La città non distolga lo sguardo dagli ultimi

LE POVERTÀ. Li vediamo in stazione, in via Bonomelli, persino all’aeroporto. Li vediamo ma non li guardiamo, anzi spesso – ammettiamolo - istintivamente allunghiamo il passo. Le ragioni sono tante: sono diversi da noi, vogliamo evitare che ci chiedano una moneta, o abbiamo paura che possano farci del male.

A volte semplicemente li ignoriamo, perché non vogliamo specchiarci in quel «no» che siamo certi di opporre a qualunque sia la loro richiesta, un «no» che ci farebbe sentire un po’ più piccoli e meschini, certamente peggiori dell’idea che abbiamo di noi stessi. Eppure «loro» ci sono, anche a Bergamo, anche nell’anno scintillante della Capitale della Cultura, anche in mezzo alla frenesia dei nostri acquisti per il Natale: sono gli «ultimi» nel vero senso della parola, quelli senza casa, senza famiglia e con le tasche vuote. Senza niente.

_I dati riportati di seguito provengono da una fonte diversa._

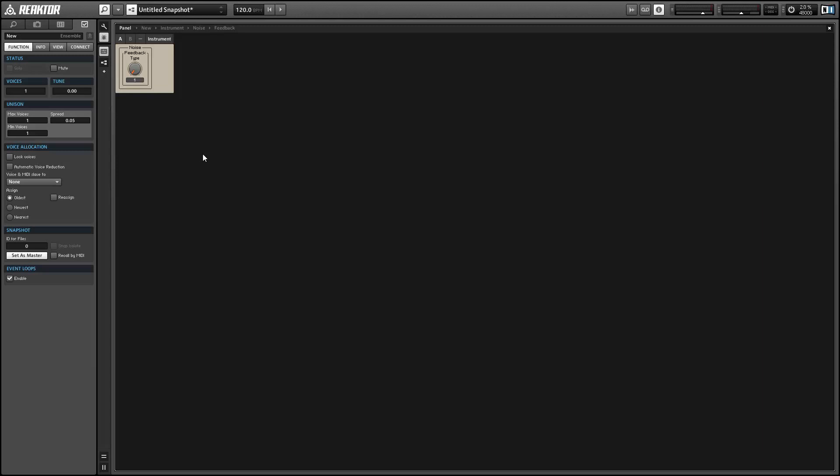So it's going to sound a little something like this, but it's a pretty variable oscillator. You can get a lot of different types of sounds out of it.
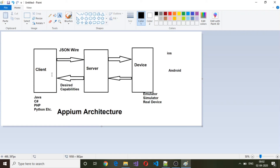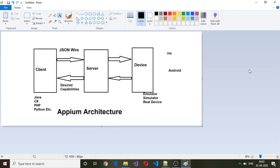Under the hood, the client is using HTTP protocol to send a request and an HTTP response will be sent back to the client from the server. This is a short introduction to APM architecture. Thanks for watching.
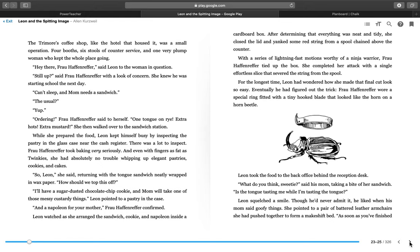The Trimor's coffee shop, like the hotel that it housed, was a small operation. Four booths, six stools of counter service, and one very plump woman who kept the whole place running. Hey there, Frau Hafenreffer, said Leon to the woman in question. Still up? said Frau Hafenreffer with a look of concern. She knew he was starting school the next day. Can't sleep and Mom needs a sandwich. The usual? Yep. Ordering, Frau Hafenreffer said to herself. One tongue on rye, extra hearts, extra mustard. She then walked over to the sandwich station.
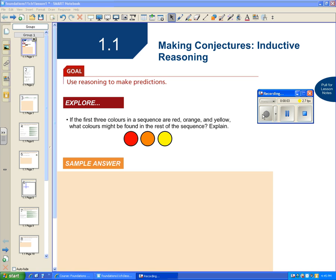Hello, this is Ms. Canson. Welcome to Foundations of Math. We're looking at 1.1, Making Conjectures, Inductive Reasoning. You want to follow along on page 6 in your textbook.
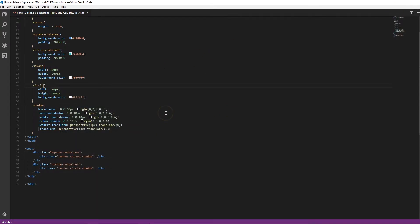As always guys, I'm going to leave all the links down in the description and the link to the actual GitHub so you can get all this code. It will be down there for free, so make sure you guys check that out at the end of the video.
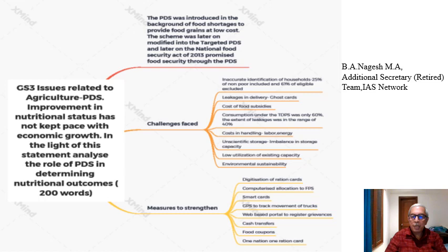I was selected twice in the civil services examination. The civil services examination with its three stages — prelim, mains, and interview — was first introduced in 1980. In the 1980 exam, I appeared for the interview and was selected for a Group A service. Then again in 1981, I was also selected for a Group A service.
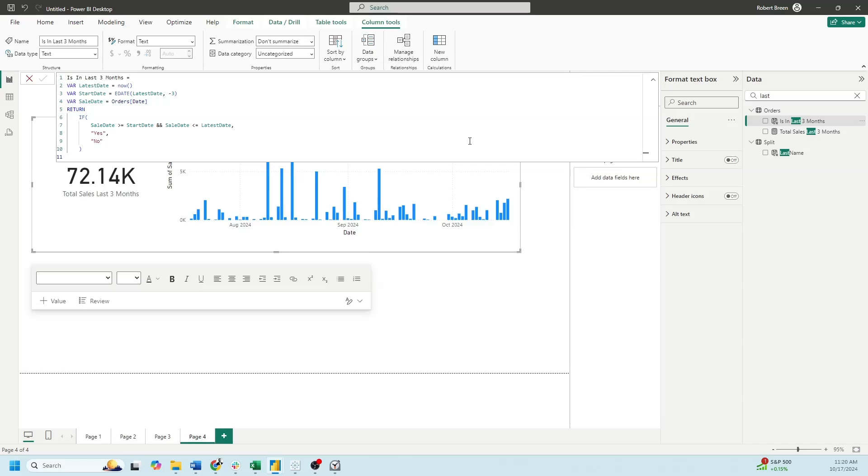Next, let's take a look at how to build a filter for the bar chart. I'm going to test if the date is in the last three months. I'm going to use variables again. The variable for latest date is now. Start date is going to, again, be three months minus the latest date. And the sale date of record is going to be order date.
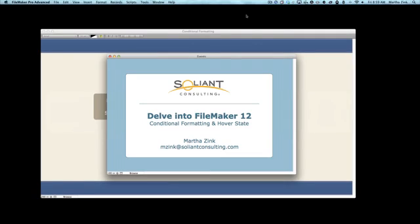Hi, my name is Martha Zink and I'm with Salient Consulting and this is just a quick little snippet for delve into FileMaker 12. I was actually working on a solution and ran into this and I wanted to share it. So it has to do with conditional formatting and the hover state. So let me show you the scenario.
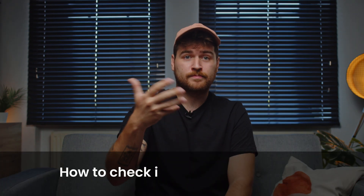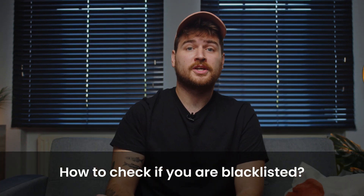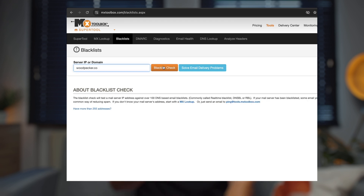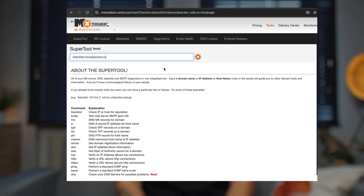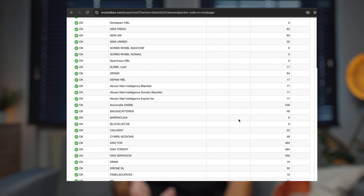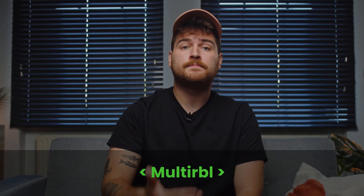How to check if you're blacklisted? There are a couple of tools that can help. We stick to the mighty MX Toolbox and search for any red marks indicating that our IP or domain is blacklisted. There's also MultiRBL, which performs a complete IP checkup for your sending servers. Feel free to use those tools once in a while or if you notice any deliverability issues.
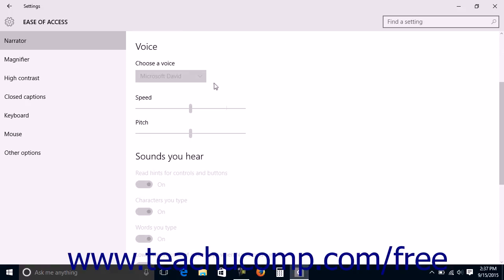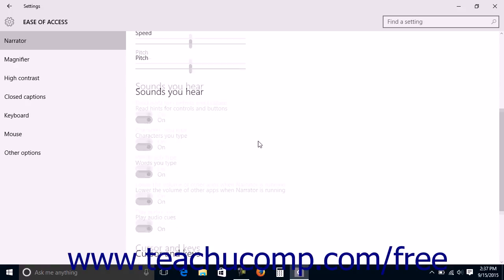In the Voice section, you can use the Choose a Voice drop-down to select the voice of the narrator. You can then use the Speed and Pitch sliders to increase or decrease the speed and pitch of the voice.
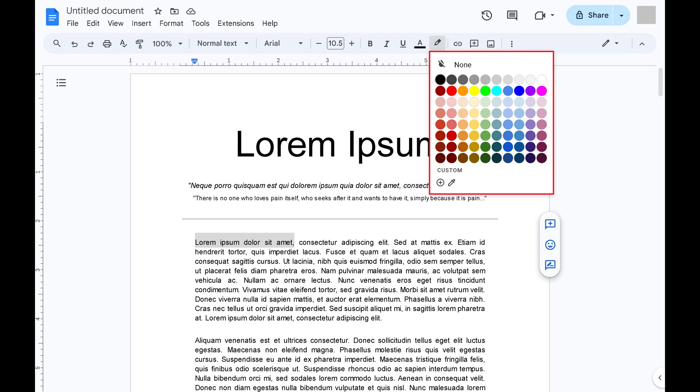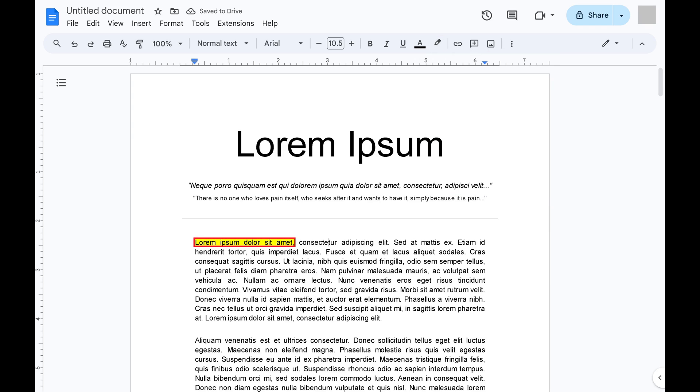Click the color you want to highlight your selected Google Docs text with. Your text will be highlighted.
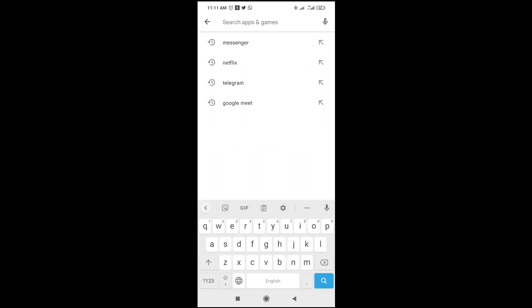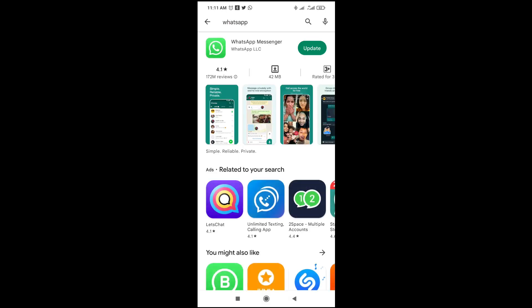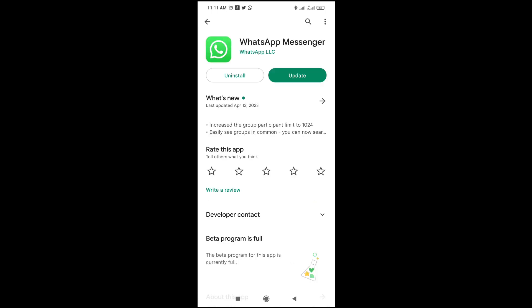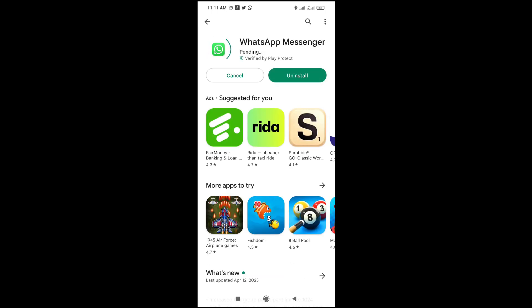Then enter WhatsApp right there, as you can see. The next thing for you to do is just to click on WhatsApp, then click on Update. Right now to start updating you just have to give it time for it to update — as you can see, it is updating.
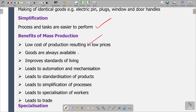The second point is that goods are always available. Obviously, we are producing large quantities, so their availability is enhanced. There are also improved standards of living. Then mass production leads to automation and mechanization — two new terms that are coming in.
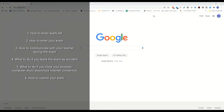Hi there. Today we're going to go through the exam.net tutorial. This is the program that you'll be using to take your placement tests.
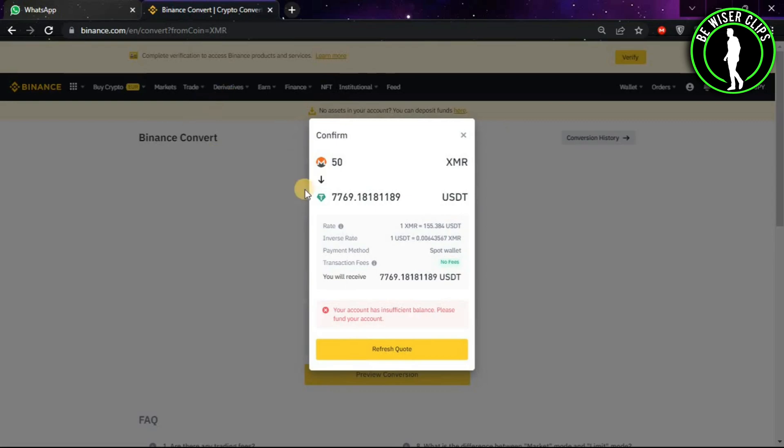As you can see, it will show you how much your 50 XMR are worth in USDT. If you have sufficient balance, then you can click here and it will convert your XMR to USDT.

Bergamo è una città che accoglie, lo è per tradizione ma lo è anche oggi, nei fatti. Sono stati accolti i profughi ucraini, in fuga dalla guerra. Viene accolta persino gente che viene da fuori città, dalla metropoli milanese ad esempio, sapendo che qui non troverà porte chiuse. Del resto, sulla strada il passaparola funziona meglio dei social network. Al dormitorio del Galgario, servizio «storico» di accoglienza in città, nel solo mese di novembre sono state ospitate nei posti aggiuntivi per il «piano freddo» 110 persone senza fissa dimora, a fronte delle 174 accolte in tutto l’arco dello scorso inverno: un aumento che preoccupa e deve far riflettere. I servizi di accoglienza nel tempo sono cresciuti: sono nati spazi diurni, come il Punto sosta, che offre un luogo in cui trovare ristoro, operatori con cui parlare e alcune attività da svolgere ogni pomeriggio, da lunedì al venerdì. Anche in questo caso si registra un aumento delle presenze, che passano dalle 373 persone del 2022 alle 465 del 2023; così anche per lo Spazio femminile Irene, aperto a tutte le donne il lunedì mattina con il pranzo condiviso al Galgario: nel 2022 era frequentato da 9 donne, diventate 30 nel 2023. Sono luoghi che restituiscono un po’ di dignità a chi, sotto il peso delle fatiche, ha ormai solo quella da difendere.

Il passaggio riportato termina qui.